Wednesday, April 22, 2015

Will Duncan Send Troops to Crush the Opt-Out Revolt?

EWA meeting in Chicago
Duncan said he expected states to make sure districts get enough students take the tests. “We think most states will do that,” Duncan said during a discussion at the Education Writers Association conference in Chicago. “If states don’t do that, then we have an obligation to step in.” -- Interview with EWA writers
What a week! Edu-conferees are flowing in and out of O'Hare at a record pace. First their was AERA. Then EWA. And next comes NPE. Chicago is definitely the epicenter of corporate-style education reform and the revolt against it. The only one of these meetings where Arne Duncan would dare show his face was at the Education Writers Association (EWA) National Seminar. It was there that he threatened to take action against the growing opt-out movement.
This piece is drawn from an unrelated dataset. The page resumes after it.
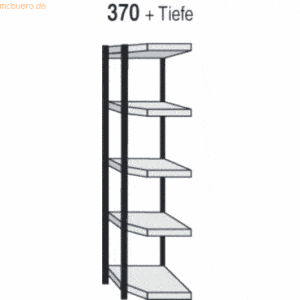 Kerkmann Magazin-Regal Stora 100 Eck-Regalfeld BxTxH 67x30x190cm schwa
Yes, Duncan is threatening federal intervention  if states fail to put an end to the massive testing boycotts. No one is sure what form that intervention may take. Some fear economic reprisals. But I worry about an Iraq-style invasion.

Arne's army is equipped with these military assault rifles. 
A lot of people may not know this, but the DOE Inspector General's Office has its own well-equipped military wing and Duncan has shown that he's not afraid to call out his troops against community residents. In 2011, his troops made an armed assault on at least one wrongfully-suspected student loan deadbeat.
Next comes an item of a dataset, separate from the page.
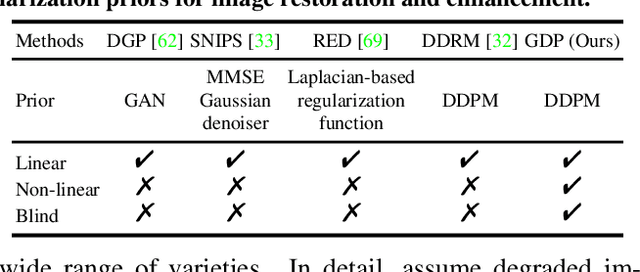 Figure 1 for Generative Diffusion Prior for Unified Image Restoration and Enhancement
Duncan has had to apologize for using his own particular racial theories to describe parents who are critical of over-testing as “white suburban moms” who were upset because their kids were doing poorly on new, more rigorous exams linked to Common Core.
“All of a sudden, their child isn’t as brilliant as they thought they were and their school isn’t quite as good as they thought … and that’s pretty scary,” Duncan said.
Duncan claims that annual standardized exams beginning with 3rd-graders are essential for tracking student progress and monitoring the so-called "achievement gap". He pooh-poohs the idea that so many high-stakes tests are "too stressful" for young children or that current testing policies take too much time and resources away from teaching. He blames parents for exaggerating the traumatic effect that testing is having on their own children.
He says the tests are “just not a traumatic event” for his children, who attend public school in Virginia. “It’s just part of most kids’ education growing up,” he said. “Sometimes the adults make a big deal and that creates some trauma for the kids.”
Yes, I'll bet there's hardly any stressful testing at Arne's kids' progressive suburban school. It's the same at the Obama kids' private school in D.C.

You see, it's parents, not the testing, stressing out the children. So Duncan is preparing to take action" on his own. Maybe it's time to take to the hills and hide the children. Oh, I forgot. We have no hills in ChiTown.


  1. Do you think the Feds should use "boots on the ground" to quell the Opt Out Movement, or will drone attacks suffice?

  2. I wouldn't rule out boots or drones. And then we could always nuke 'em.

  3. On a very serious note: could we have a Kent State at a K-8?